諦めたはずの恋なのに、再会した航空自衛官に秘密の双子ベビーごと愛されています

しまい込んでいた想い

 翌週の日曜日。私は本当に、伊澄さんと公園へ出かけることになってしまった。

 彼からのお誘いが来た時、お断りをしようとも思った。
 だけど、瑞月も琉星も、伊澄さんを「ママのおともだちだから」大切にしようとしてくれている。
 そう思ったら、子どもたちの気持ちを尊重してあげたいと思い直し、伊澄さんと約束をした。

 それでも、当日になったらやっぱり気が重くなった。

 私は一度、彼を傷つけている。それなのに今度は、伊澄さんを子どもたちの提案に巻き込んでいる。
 まるで彼の優しさに、つけ込んでいるみたいだ。

 そんな私とは対照的に、子どもたちは朝からワクワクしていた。琉星は飛行機のイラストが描かれたトレーナーを着たいと言うし、瑞月には「かみのけ、かわいくして」とおませな発言をされてしまった。
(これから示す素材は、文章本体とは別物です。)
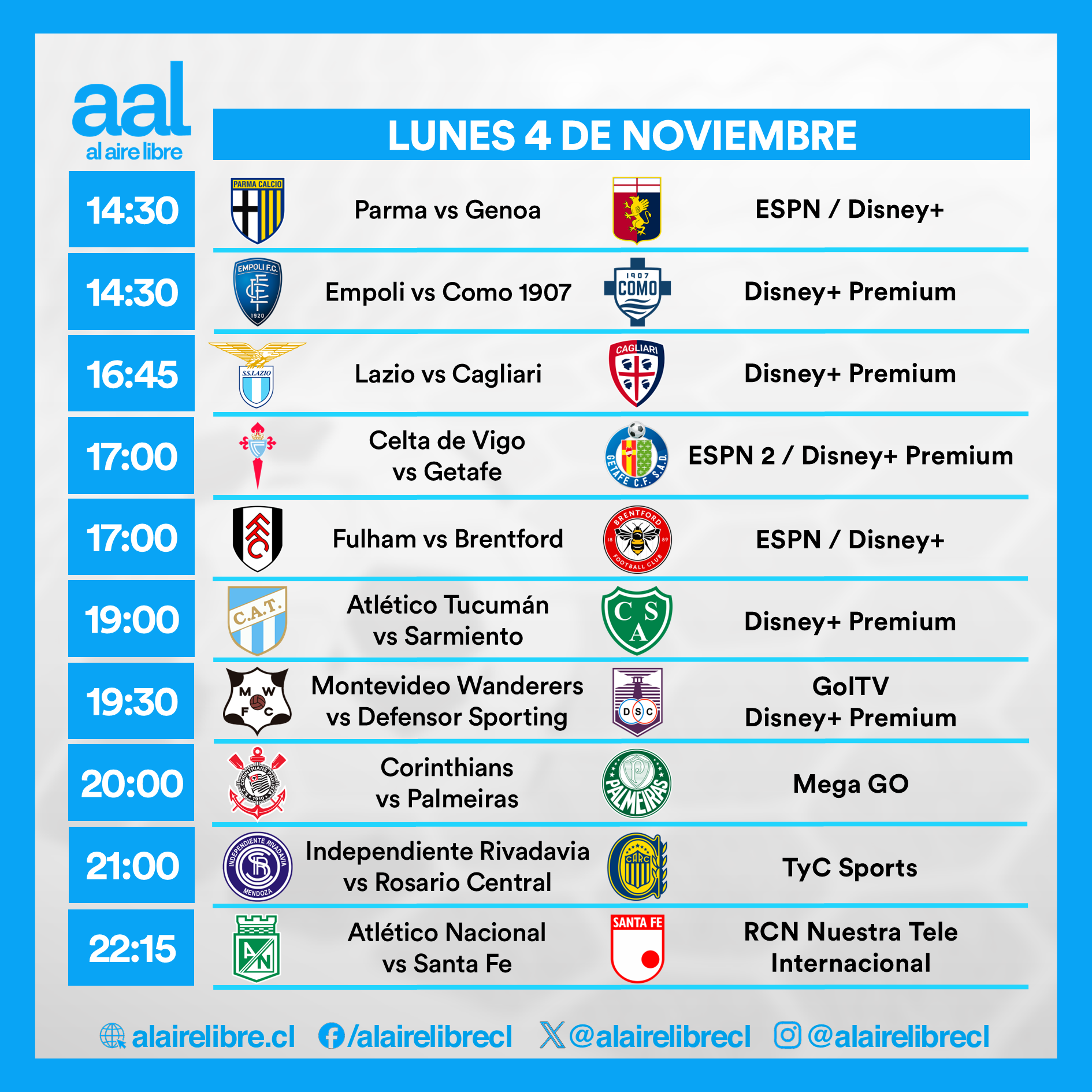 Partidos de hoy, lunes 4 de noviembre: Horarios y cómo ver fútbol en vivo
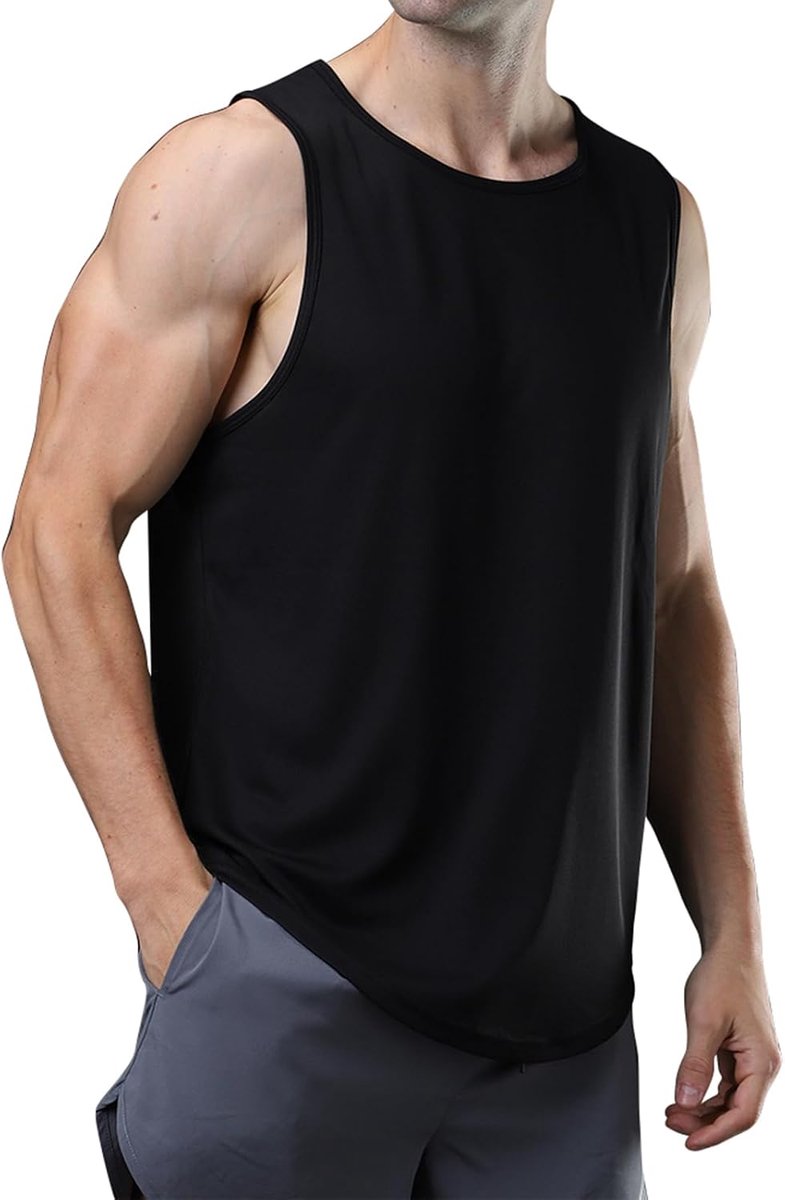 meioro, Tanktop van mesh voor heren, mouwloos, sneldrogend, training op sportschool, sportieve shirts, voor hardlopen, fitness vest, bodybuilding, sport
 お昼ご飯を食べ終えた頃、伊澄さんが車で我が家へやってきた。
 子どもたちを連れ玄関を出た私に、車から降りてきた彼が軽く手を挙げる。

「いすみー!」

 瑞月も琉星も、さっそく伊澄さんのもとに駆け寄った。
 自分たちの話を聞いてくれる彼は、ふたりにとってすっかり大切な存在になってしまったようだ。